Kevin Seefried, man who carried Confederate flag through Capitol on Jan. 6, set to be sentenced Thursday
Washington — The pro-Trump rioter who marched through the halls of Congress while wielding a Confederate flag on Jan. 6, 2021, will face a federal judge to learn his sentence on Thursday, more than two years after photos of him became some of the most widely recognized images of the attack on the Capitol.
Kevin Seefried, 53, was convicted in June 2022 after Judge Trevor McFadden of the U.S. District Court for the District of Columbia found he illegally entered the Capitol, where he marched through the halls outside the Senate chamber.
The Delaware resident was convicted of multiple counts, including obstructing Congress’ work, entering a restricted building, disorderly conduct and unlawful parading. His son, Hunter, was also found guilty on the serious obstruction charge, but acquitted on other counts including the destruction of government property. Hunter was sentenced to two years in prison last year.
Prosecutors have asked McFadden to hand down a prison sentence of 70 months, or nearly six years .
The Seefrieds traveled to Washington, D.C., to attend then-President Donald Trump’s “Stop the Steal” rally near the White House on Jan. 6. Prosecutors said they were among the first protesters to then breach the Capitol and enter through a broken window, remaining inside for 25 minutes. Kevin Seefried was photographed a short time later with the Confederate flag. According to court documents, he said he brought the flag from his home in Delaware, where it is usually hung outside.
Evidence presented in Seefried’s bench trial showed he confronted U.S. Capitol Police Officer Eugene Goodman near the Senate.
Goodman, who testified during the trial last year, said he was inside the Capitol Rotunda during the attack when a group that included Seefried yelled, “Where the members at?” They threatened Goodman, taunting, “What are you going to do, shoot us?”
Goodman has since been recognized for leading the mob away from the Senate chambers and toward an area of the building where there was a larger law enforcement presence.
The officer described Seefried as angry — “the complete opposite of pleasant” — and said that he had used the Confederate flag to jab at him.
In court documents filed ahead of sentencing, prosecutors urged the court to impose the stiff prison sentence, arguing Seefried “stood resolute with the rioters, who demanded to know the location of the United States senators and representatives who gathered to certify the votes of the Electoral College.”
“During their confrontation, Seefried thrust the butt of his flagpole at Officer Goodman,” prosecutors wrote. “That flagpole was not only a weapon capable of causing serious injury; a Confederate Battle flag was affixed to it and it was brandished by a man standing at the front of a volatile, growing mob towards a solitary, Black police officer.”
Seefried’s public defenders wrote their client expressed “immediate and unwavering” remorse for his actions during the Capitol breach, explaining he brought the Confederate flag to protest and not to express any form of racism.

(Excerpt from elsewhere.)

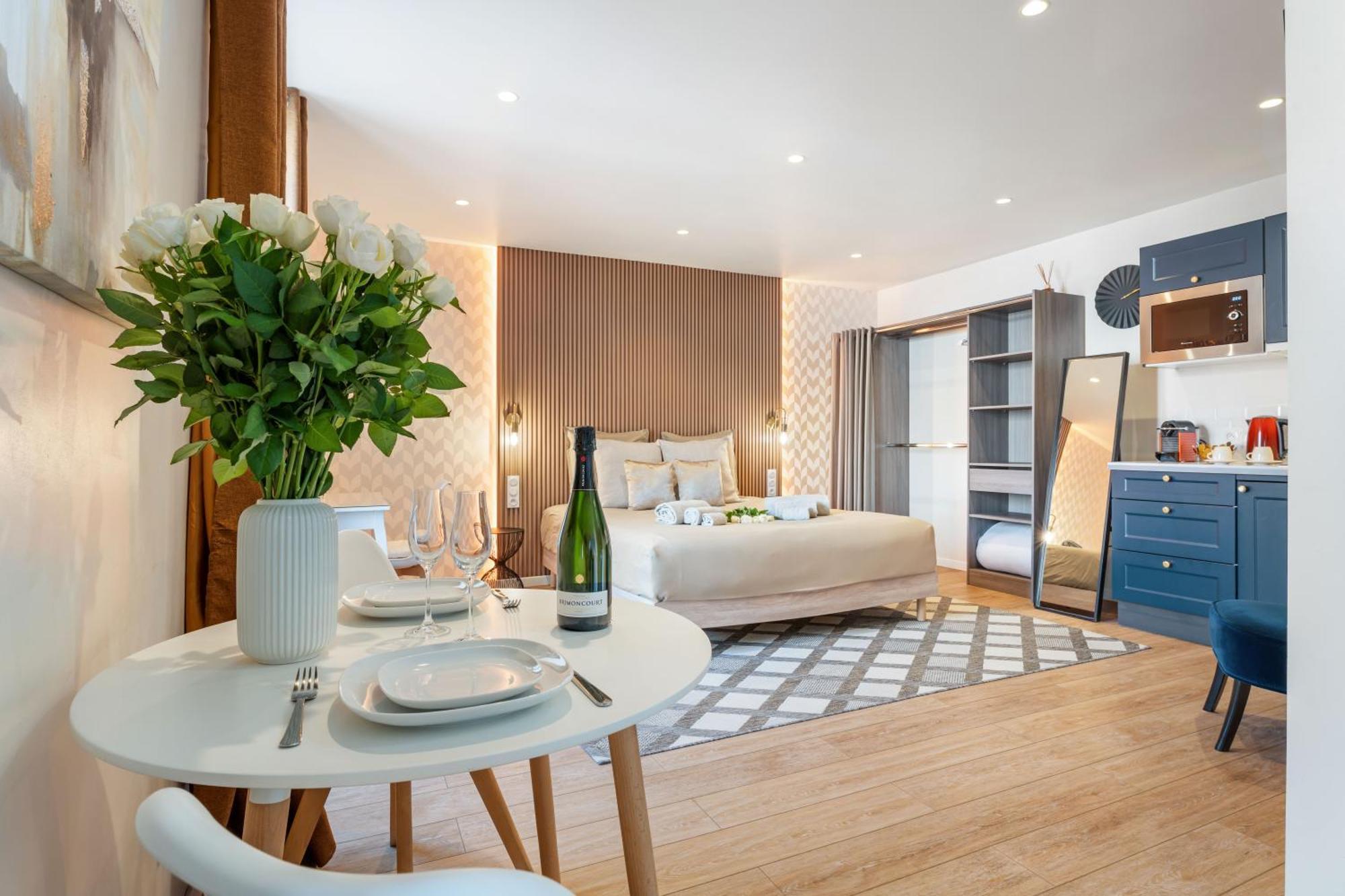 Nice Renting - Love Room Massena - Luxe Room - Jacuzzi - Terrace - King Bed - Ac ภายนอก รูปภาพ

“He is ashamed, mindful that the community and even history, may view him as a racist. And he knows that he must be punished for his role in the events of that infamous day,” the defense team argued in court documents ahead of Thursday’s hearing.

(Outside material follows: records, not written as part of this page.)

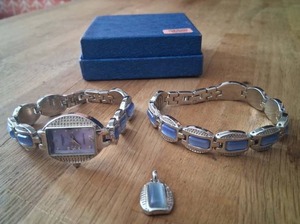 lot 319 image: Matching watch and bracelet and  pendant for necklace
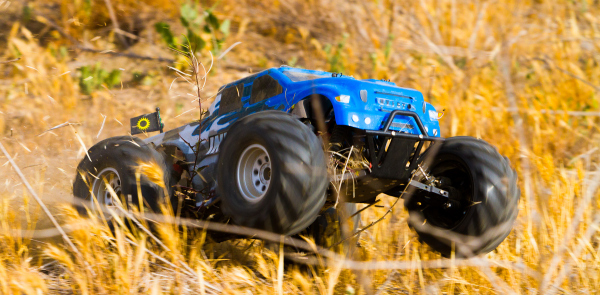 Invictus 10MT RTR 4WD Brushless Monster Truck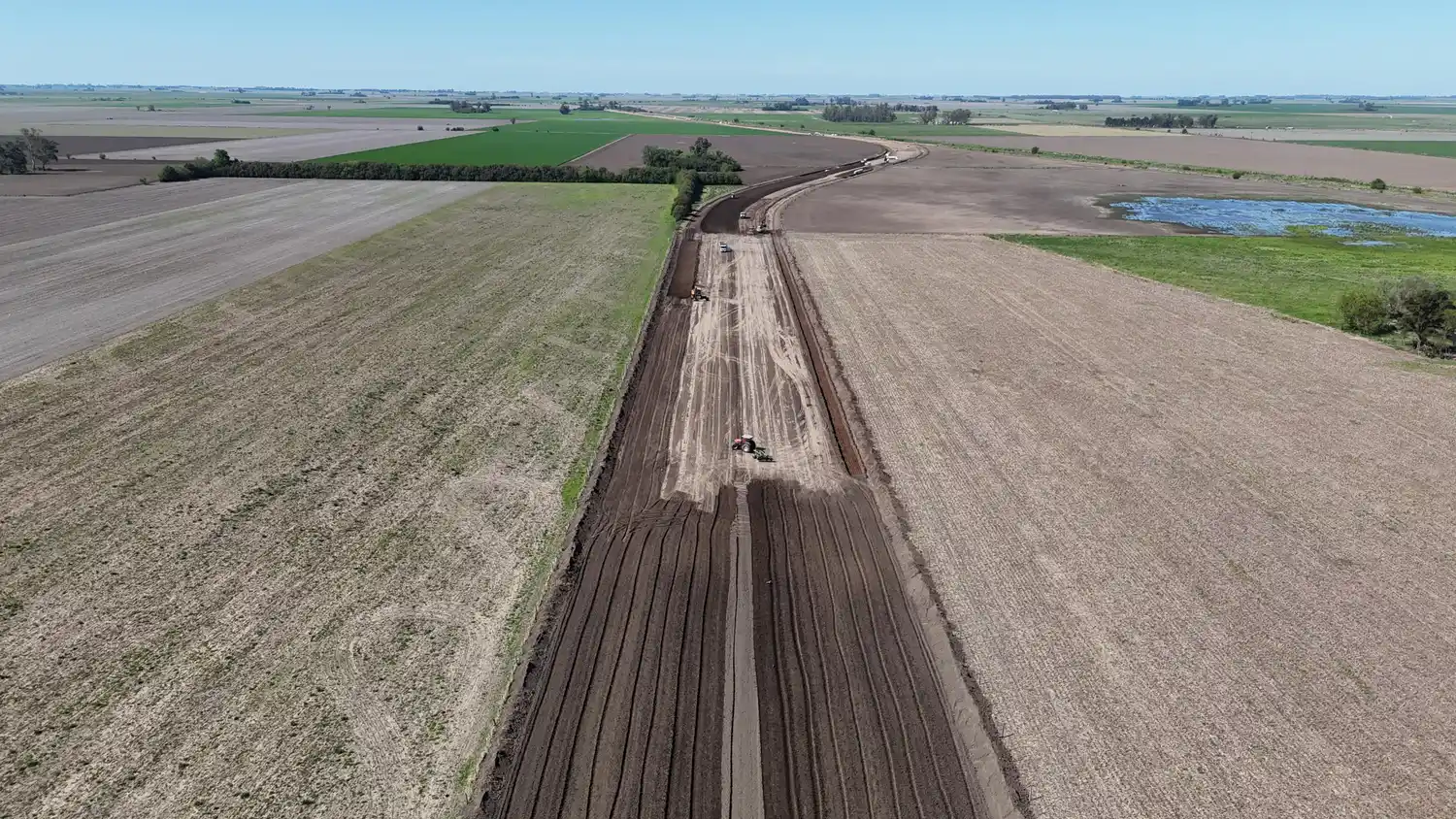Buen avance de obra en la ruta que conectará Miguel Torres y Chovet.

Despite knowing he was entering the Capitol that day, Seefried’s attorneys wrote that the defendant — a construction worker — did not intend to obstruct Congress’ work, but to make his views known at the behest of the former president.
“Crowds around the Seefrieds were shouting that the President was going to meet them at the Capitol,” they argued, highlighting the fact that Trump had told his supporters he was going to march to the Capitol with them. “The fallout for heeding Mr. Trump’s call has been devastating: Mr. Seefried’s wife has left him, he is headed to prison and he will be destitute when he is released. Worst of all, his beloved son is in prison.”
“He cannot help but be afraid to ever trust a politician again,” his lawyers wrote.